_THE INPUT_.
........

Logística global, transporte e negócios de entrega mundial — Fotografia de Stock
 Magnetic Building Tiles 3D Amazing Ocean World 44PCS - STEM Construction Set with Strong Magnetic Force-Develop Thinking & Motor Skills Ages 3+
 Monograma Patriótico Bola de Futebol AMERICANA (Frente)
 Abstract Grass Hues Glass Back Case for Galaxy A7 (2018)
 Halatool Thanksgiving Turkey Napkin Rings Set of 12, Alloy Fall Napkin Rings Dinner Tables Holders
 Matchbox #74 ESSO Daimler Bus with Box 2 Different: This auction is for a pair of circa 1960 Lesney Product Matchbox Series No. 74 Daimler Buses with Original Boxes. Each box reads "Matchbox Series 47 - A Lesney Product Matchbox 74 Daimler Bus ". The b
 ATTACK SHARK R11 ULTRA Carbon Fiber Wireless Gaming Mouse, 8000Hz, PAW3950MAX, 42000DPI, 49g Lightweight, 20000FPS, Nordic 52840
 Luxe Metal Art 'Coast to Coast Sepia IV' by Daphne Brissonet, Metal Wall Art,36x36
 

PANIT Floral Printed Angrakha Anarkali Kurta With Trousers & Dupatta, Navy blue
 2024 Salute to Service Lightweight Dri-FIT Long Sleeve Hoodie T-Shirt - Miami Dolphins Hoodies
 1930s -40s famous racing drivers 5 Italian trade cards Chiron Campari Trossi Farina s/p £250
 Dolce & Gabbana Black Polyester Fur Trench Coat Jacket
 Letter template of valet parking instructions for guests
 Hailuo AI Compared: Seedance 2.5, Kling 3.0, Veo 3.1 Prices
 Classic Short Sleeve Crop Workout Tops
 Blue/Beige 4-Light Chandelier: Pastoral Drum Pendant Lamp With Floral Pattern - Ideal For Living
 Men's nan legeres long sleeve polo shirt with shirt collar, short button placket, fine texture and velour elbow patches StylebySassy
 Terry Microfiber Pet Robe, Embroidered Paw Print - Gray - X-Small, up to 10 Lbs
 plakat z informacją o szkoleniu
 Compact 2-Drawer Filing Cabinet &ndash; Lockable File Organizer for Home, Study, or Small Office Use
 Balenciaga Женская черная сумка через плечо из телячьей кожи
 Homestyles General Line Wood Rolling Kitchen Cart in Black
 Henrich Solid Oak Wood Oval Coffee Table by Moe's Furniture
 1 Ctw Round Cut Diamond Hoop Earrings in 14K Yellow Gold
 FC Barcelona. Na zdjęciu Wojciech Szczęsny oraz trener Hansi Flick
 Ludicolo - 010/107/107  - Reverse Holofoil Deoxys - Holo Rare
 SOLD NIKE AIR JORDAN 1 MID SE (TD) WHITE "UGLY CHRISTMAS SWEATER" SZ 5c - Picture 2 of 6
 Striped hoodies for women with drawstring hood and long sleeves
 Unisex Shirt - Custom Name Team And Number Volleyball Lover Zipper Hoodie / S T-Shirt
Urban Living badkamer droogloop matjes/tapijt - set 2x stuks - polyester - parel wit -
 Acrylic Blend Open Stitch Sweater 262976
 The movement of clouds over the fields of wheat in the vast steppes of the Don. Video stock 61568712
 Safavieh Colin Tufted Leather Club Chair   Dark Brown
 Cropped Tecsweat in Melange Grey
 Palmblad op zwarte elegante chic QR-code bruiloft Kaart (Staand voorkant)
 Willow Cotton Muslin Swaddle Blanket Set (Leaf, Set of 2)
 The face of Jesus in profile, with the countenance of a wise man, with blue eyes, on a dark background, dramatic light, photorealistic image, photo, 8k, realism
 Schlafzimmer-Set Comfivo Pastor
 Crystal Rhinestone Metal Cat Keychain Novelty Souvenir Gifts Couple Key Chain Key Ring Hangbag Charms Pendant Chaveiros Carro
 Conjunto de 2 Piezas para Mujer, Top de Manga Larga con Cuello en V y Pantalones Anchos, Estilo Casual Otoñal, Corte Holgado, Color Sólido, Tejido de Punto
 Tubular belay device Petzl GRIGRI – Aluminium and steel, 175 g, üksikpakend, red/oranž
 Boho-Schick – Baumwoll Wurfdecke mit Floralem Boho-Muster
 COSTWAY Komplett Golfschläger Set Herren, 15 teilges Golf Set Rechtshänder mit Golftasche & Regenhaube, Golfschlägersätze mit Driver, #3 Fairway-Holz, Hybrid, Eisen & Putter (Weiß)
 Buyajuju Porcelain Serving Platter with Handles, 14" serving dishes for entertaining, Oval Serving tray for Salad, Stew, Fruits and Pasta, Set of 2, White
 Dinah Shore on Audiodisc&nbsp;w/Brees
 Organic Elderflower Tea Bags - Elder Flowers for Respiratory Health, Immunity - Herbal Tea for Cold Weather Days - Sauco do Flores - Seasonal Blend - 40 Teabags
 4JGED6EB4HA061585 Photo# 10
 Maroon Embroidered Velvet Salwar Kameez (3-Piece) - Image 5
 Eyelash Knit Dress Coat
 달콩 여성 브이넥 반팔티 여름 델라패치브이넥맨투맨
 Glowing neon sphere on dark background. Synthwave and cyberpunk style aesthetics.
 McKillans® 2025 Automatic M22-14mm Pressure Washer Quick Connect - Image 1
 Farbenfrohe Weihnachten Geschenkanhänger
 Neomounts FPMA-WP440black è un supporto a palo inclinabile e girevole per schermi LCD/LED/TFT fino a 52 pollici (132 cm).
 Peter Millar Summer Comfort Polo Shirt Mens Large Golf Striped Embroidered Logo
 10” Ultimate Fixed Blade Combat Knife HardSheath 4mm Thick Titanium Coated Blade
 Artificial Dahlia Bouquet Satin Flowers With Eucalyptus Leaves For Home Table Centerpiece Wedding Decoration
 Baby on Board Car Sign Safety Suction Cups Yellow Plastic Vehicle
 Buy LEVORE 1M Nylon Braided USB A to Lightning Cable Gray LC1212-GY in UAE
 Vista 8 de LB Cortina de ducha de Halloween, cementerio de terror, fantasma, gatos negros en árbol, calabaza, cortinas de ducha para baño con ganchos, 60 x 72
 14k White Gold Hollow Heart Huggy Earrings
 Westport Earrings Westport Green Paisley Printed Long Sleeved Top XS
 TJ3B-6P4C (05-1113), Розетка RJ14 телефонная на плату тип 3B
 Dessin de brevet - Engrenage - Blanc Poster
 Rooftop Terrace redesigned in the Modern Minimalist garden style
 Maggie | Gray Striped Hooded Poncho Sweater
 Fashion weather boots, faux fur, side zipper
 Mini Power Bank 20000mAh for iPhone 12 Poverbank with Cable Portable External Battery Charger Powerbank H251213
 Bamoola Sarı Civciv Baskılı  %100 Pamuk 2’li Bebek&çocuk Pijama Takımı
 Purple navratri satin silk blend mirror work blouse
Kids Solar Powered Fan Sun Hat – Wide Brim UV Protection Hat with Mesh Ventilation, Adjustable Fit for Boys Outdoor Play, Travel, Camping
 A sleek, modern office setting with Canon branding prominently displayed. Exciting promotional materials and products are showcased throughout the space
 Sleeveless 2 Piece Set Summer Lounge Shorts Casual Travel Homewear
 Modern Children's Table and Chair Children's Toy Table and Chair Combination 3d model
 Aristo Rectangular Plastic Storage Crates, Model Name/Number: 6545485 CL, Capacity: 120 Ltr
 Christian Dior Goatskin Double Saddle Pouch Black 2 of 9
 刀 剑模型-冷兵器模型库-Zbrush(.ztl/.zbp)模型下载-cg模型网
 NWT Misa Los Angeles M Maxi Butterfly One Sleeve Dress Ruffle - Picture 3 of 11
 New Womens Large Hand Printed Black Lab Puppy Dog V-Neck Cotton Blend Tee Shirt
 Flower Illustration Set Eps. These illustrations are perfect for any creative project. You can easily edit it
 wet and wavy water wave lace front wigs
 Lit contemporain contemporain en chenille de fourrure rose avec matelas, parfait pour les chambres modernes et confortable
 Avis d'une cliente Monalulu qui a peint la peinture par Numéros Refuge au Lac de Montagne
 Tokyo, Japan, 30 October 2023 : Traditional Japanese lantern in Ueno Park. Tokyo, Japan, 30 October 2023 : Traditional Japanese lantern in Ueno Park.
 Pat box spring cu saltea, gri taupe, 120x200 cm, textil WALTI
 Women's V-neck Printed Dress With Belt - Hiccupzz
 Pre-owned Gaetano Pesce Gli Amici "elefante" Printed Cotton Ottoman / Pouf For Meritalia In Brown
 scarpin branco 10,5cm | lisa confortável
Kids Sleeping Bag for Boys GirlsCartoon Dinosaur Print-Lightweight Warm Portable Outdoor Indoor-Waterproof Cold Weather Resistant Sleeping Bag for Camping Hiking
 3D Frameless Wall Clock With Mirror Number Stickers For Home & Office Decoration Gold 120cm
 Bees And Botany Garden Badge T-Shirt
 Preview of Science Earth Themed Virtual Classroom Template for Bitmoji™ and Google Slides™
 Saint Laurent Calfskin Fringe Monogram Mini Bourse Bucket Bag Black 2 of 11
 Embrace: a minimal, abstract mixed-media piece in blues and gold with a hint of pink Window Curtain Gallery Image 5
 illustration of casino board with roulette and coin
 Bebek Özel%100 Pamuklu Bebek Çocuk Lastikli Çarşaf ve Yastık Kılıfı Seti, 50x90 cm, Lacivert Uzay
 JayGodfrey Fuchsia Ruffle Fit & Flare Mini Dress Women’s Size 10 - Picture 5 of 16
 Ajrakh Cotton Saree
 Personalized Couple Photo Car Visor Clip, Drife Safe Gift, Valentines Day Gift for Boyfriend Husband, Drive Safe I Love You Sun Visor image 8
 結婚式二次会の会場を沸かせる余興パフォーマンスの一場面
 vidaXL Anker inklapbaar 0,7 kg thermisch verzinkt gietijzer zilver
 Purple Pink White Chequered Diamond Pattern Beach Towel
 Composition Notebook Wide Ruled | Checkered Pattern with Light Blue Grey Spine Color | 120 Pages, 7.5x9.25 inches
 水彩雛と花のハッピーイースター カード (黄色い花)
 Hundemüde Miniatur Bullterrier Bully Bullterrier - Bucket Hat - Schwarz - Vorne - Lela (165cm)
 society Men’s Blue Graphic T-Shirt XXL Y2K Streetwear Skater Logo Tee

........

_WHAT IS REQUIRED_. When the line containing "ATTACK SHARK R11" is reached, include it and stop. Until then, output each line of the entries exactly as given, starting from the first.

_TASK RESULT_.
Logística global, transporte e negócios de entrega mundial — Fotografia de Stock
 Magnetic Building Tiles 3D Amazing Ocean World 44PCS - STEM Construction Set with Strong Magnetic Force-Develop Thinking & Motor Skills Ages 3+
 Monograma Patriótico Bola de Futebol AMERICANA (Frente)
 Abstract Grass Hues Glass Back Case for Galaxy A7 (2018)
 Halatool Thanksgiving Turkey Napkin Rings Set of 12, Alloy Fall Napkin Rings Dinner Tables Holders
 Matchbox #74 ESSO Daimler Bus with Box 2 Different: This auction is for a pair of circa 1960 Lesney Product Matchbox Series No. 74 Daimler Buses with Original Boxes. Each box reads "Matchbox Series 47 - A Lesney Product Matchbox 74 Daimler Bus ". The b
 ATTACK SHARK R11 ULTRA Carbon Fiber Wireless Gaming Mouse, 8000Hz, PAW3950MAX, 42000DPI, 49g Lightweight, 20000FPS, Nordic 52840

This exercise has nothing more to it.